By Staff Editor | May 17, 2021

NEW YORK — So you thought Wall Street might be out of the woods? Think again.

A surge of optimism that started a market rally late last year, mercifully quieting the stock market’s stomach-churning volatility, has vanished as economic recovery recedes further onto the horizon.

On Wednesday, stocks took a dive reminiscent of the terrifying jumps and drops of last fall, with the Dow Jones industrials falling more than 300 points before closing down 248.

It was the Dow’s biggest point drop since Dec. 1 and the first string of six straight down days since early October. The Dow is still 9 percent higher than its November low, but the bumpy decline feels all too familiar.

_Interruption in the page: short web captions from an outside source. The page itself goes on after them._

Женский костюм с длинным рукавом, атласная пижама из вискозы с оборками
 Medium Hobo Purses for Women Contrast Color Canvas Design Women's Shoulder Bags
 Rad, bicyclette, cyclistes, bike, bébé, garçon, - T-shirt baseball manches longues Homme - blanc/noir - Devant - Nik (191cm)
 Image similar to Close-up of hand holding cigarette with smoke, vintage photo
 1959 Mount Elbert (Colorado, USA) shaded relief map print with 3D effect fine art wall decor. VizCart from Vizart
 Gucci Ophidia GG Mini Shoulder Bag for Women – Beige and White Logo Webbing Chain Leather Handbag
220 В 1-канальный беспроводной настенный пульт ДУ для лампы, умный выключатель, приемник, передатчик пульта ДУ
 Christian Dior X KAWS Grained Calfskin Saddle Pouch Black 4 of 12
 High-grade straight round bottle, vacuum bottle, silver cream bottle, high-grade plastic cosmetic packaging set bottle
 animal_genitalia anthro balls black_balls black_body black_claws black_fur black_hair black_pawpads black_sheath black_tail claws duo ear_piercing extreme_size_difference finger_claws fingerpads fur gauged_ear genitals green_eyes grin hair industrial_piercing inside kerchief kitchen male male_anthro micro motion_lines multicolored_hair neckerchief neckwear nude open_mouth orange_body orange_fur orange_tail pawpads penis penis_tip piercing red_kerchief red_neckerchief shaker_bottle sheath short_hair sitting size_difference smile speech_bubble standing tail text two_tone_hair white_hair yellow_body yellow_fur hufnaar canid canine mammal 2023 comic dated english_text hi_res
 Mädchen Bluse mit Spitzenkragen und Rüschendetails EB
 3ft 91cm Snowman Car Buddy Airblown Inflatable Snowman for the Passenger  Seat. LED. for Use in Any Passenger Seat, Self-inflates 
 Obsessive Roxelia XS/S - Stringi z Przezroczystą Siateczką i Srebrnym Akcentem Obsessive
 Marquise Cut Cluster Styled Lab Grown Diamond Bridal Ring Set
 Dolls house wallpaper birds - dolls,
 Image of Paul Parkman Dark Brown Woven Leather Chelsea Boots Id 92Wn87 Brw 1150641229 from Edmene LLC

“It’s a good instinct to start a New Year off with optimism,” said Art Hogan, chief market analyst at Jefferies & Co. in Boston. “But unfortunately that tends to fade in the harsh light of reality.”

So what happened?

Holiday sales turned out to have been worse than expected, the jobless rate exceeds 7 percent for the first time in 16 years, the global economy is eroding faster and corporations from Alcoa to Intel to Wal-Mart have disappointed investors.

Apple was the latest company out with bad news Wednesday, with CEO Steve Jobs saying he is taking a medical leave of absence.

“Right now we just don’t have any evidence to show that that free fall is over,” said Robert Dye, senior economist at PNC Financial Services Group in Pittsburgh.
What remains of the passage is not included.